# [DIRECTIONS FOR THIS TASK]
Your answer must be an exact copy of the listing, with the images left out.

# [RECORDED INFORMATION]
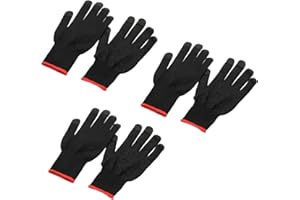 MECCANIXITY Game Gloves Finger Gaming Glove Breathable Anti Sweat Touch Mobile Game Controller Glove Black/Red for Mobile Gam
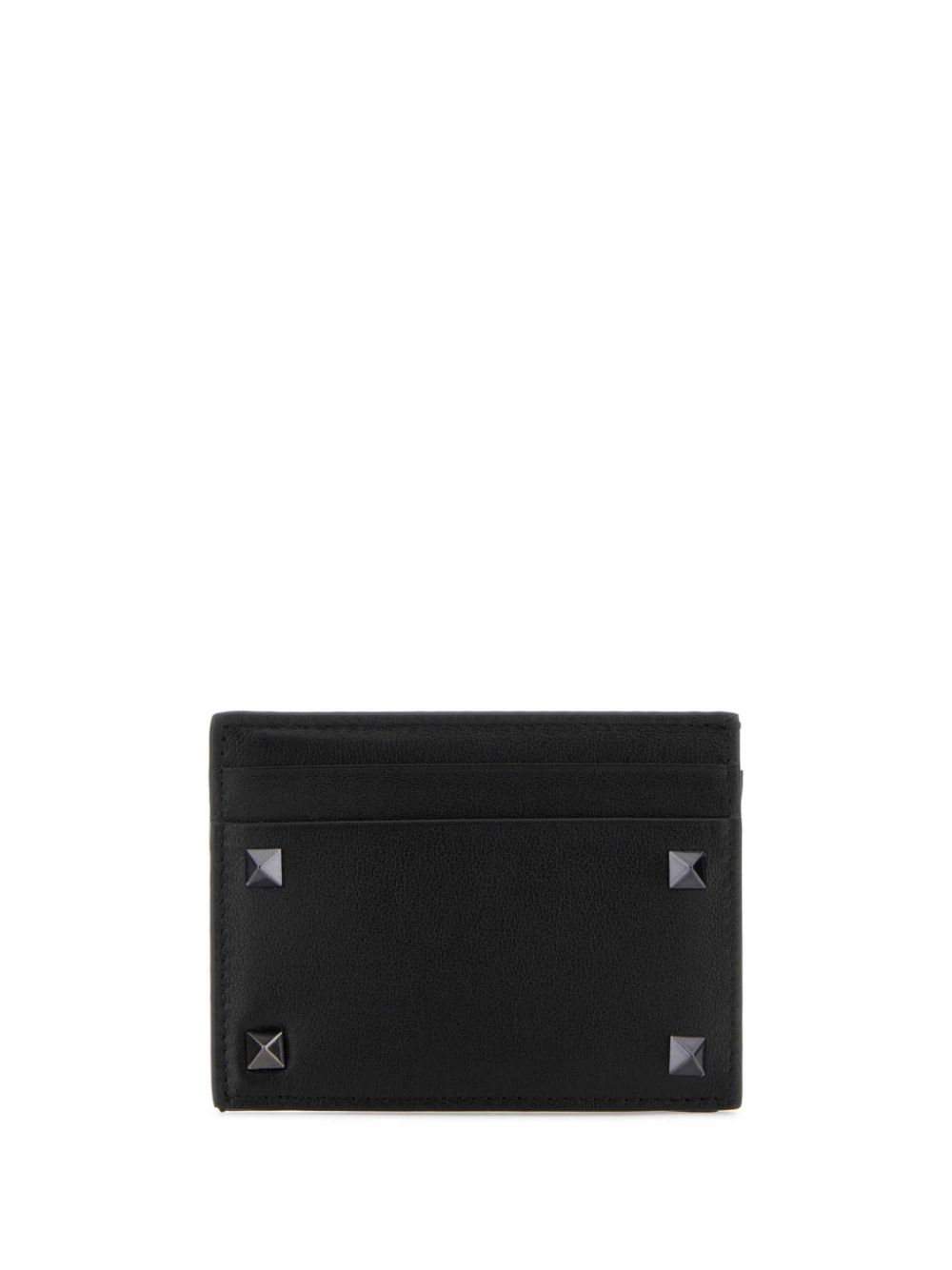 Valentino Garavani Rockstud cardholder - Black von Valentino Garavani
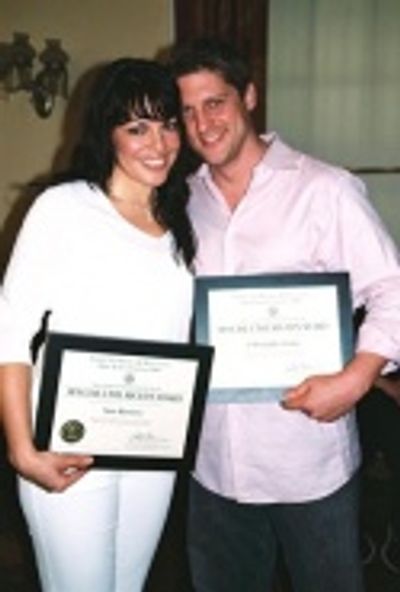 Sara Ramirez and Christopher Sieber Photo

# [RESPONSE]
 MECCANIXITY Game Gloves Finger Gaming Glove Breathable Anti Sweat Touch Mobile Game Controller Glove Black/Red for Mobile Gam
 Valentino Garavani Rockstud cardholder - Black von Valentino Garavani
 Sara Ramirez and Christopher Sieber Photo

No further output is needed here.